If you have been evacuated:

  • Stay away. Don’t return home until officials say it is safe, no matter how much you miss your house and your routines. Keep tuned to the radio or television or follow the official posts on social media.
  • Check costs. Your insurance will potentially pay for a percentage of your stay elsewhere. Determine their limits and choose temporary lodgings accordingly.
  • Travel safely. Avoid washed out bridges and flooded roads. Again, be aware of them by staying on top of news reports.
  • Don’t be shocked. Stay away from sagging or downed power lines.

After a Flood – The First Steps

If your home was flooded:

  • Safety first. Check for structural damage before entering your home. You don’t want to risk it collapsing around you.
  • Power down. Turn off the power in your home until an electrician says it’s safe to flip the switch.
  • Enter carefully. Beware of the presence of snakes or animals that have sought higher ground to avoid the water.
  • Utility check. Inspect your utilities.

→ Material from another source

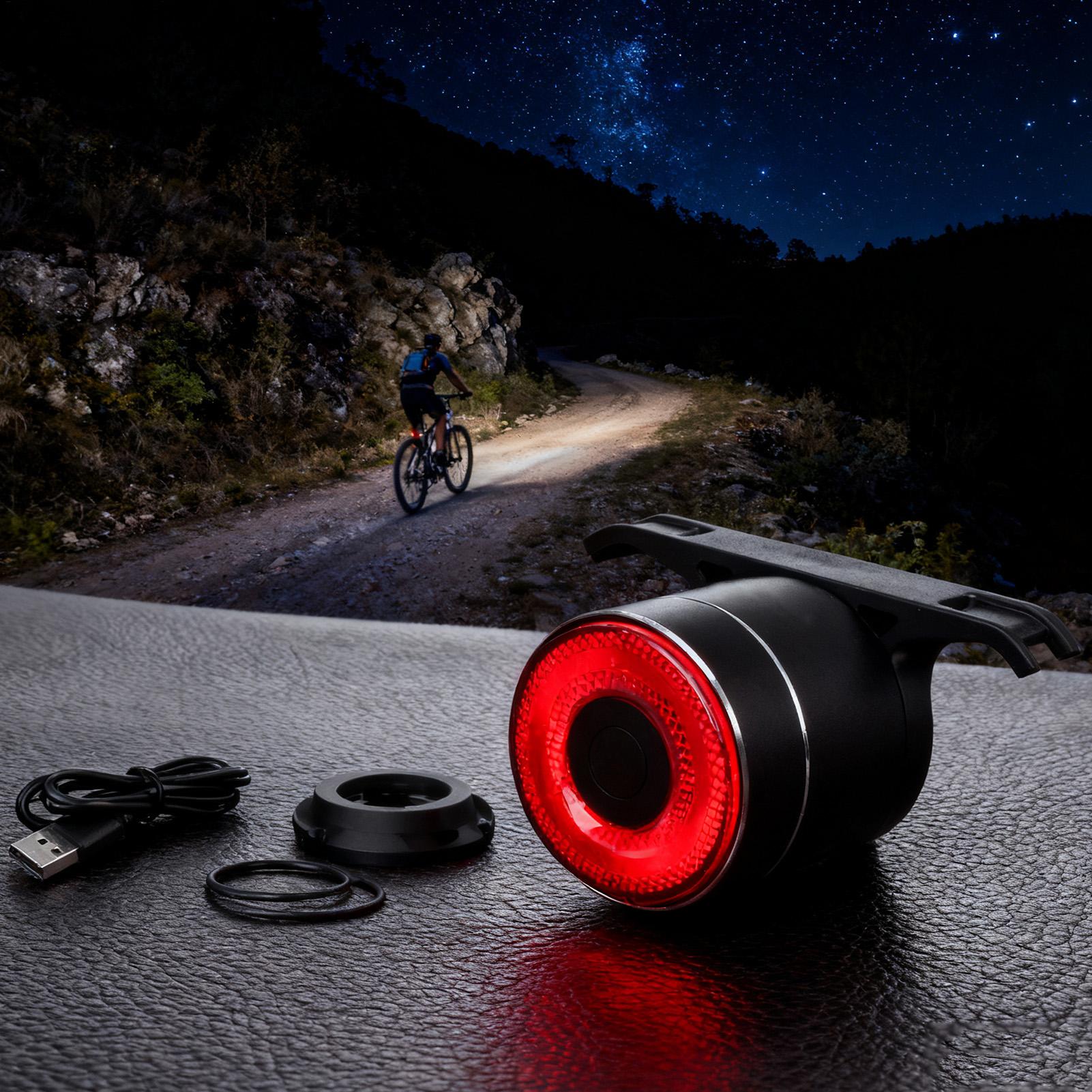 Bike Rear Light Smart Bike Tai - Cycling For Commute recension och pris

    – If you hear a hissing noise or smell gas, open and window and leave immediately. There is danger of an explosion when gas is confined. Try to turn off the main gas line outdoors and call your gas company. They must turn the gas back on to ensure that it is done safely.

    – Turn off electricity at the fuse box or main circuit breaker, especially if you see frayed wires or sparks. Don’t wade through water to do so; call an electrician. Get the “all clear” from the electrician before using appliances, heating or cooling systems again.

    – Check for damage to sewer and water lines. Avoid using the toilets if there appears to be sewer damage; if water lines are harmed, boil water or drink from melted ice cubes. Call a plumber for assistance.
  • Let the waters recede. Remove the water from your home, draining it in stages. Remove no more than one third of the water out daily, because if the ground is still saturated, removing water too quickly could cause the walls to buckle. Bail out the standing water using buckets; finish up with a wet/dry shop vacuum.
  • Protect yourself. Wear hip boots and gloves as you remove items and clean the premises to avoid bacteria and contaminants.
  • Rescue documents. If you have important documents that you’ll need as the process unfolds, store them in the freezer to dry them out without damaging them further.
  • Structural integrity. Ventilate and humidify the house until it is completely dry. Remove drywall, paneling and insulation at least 50 centimetres (20 inches) above the water line.
  • Clear the decks. Remove any debris, as well as items that are soaked and dirty.
  • Swab the decks. Wash all surfaces with water and unscented detergent to clean and sanitize.
  • Check for mould. Mould can cause serious health problems. You may need to have your home professionally cleaned, but check with your insurance company regarding coverage.

When Can I Return After Flood Damage

 Return After Flood Damage

The Canadian government suggests that you don’t plan to move back into your home until:

  • The water has receded and the water supply has been inspected and given clearance for use.
  • All rooms contaminated by flood waters have been thoroughly cleaned and disinfected.
  • There are adequate toilet facilities available as affirmed by the health department.
  • Contaminated dishes and utensils have been washed and disinfected.